Seminars

Abstract: This work investigates the elasto-visco-plastic buckling of thick shell structures. Methods to estimate the buckling of thin elasto-visco-plastic shells are proposed in literature. Nevertheless, only few works present experimental results, and none treat experimental elasto-visco-plastic thick shell buckling. A modelling / experimental approach is followed to solve such problem.

A buckling prediction model was developed. It is based on Bodner's approach, and coupled to the corner theory of Christoffersen. This model should be applicable to predict the buckling of thick elasto-visco-plastic shells subjected to non-proportional loading. Bifurcation analysis were performed to estimate buckling critical stresses, strains and times, and buckling modes. The validity and the limitations of the buckling prediction method were discussed. Effect of geometrical and loading imperfections on buckling behaviour were also discussed.

Two test campaigns were performed on two different thick shell geometries. The specimens were manufactured from an alloy with an elasto-visco-plastic behaviour at room temperature. The first buckling test campaign was performed on thick plates subjected to a uni-axial compressive loading and the second one on thick hemi-egg shells subjected to external pressure.
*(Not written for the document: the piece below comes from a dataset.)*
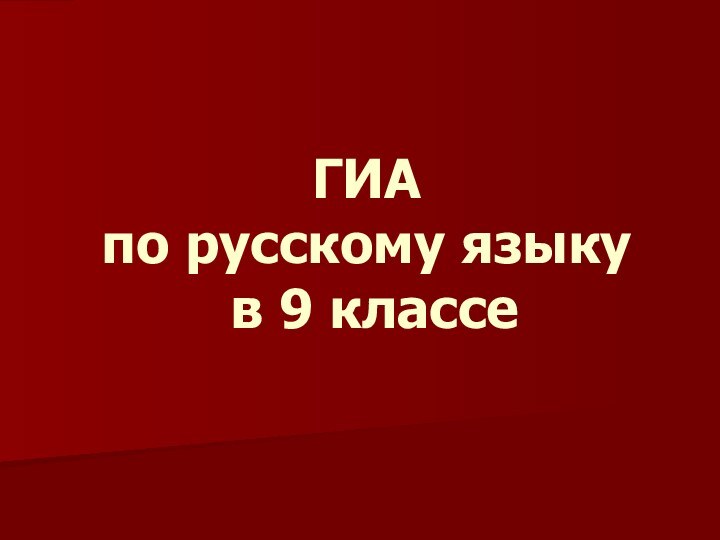 ГИА  по русскому языку  в 9 классе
3D digital image correlation was used to measure displacement fields on specimen surfaces during buckling experiments. It is also used in order to extract and investigate the evolution of the buckling modes. The experiments were also modelled through finite element models.

A good correlation between the buckling predictions and the experiments was observed. The good correlation between the buckling predictions and the experiments was observed. The good correlation was noticed on both critical values and buckling modes.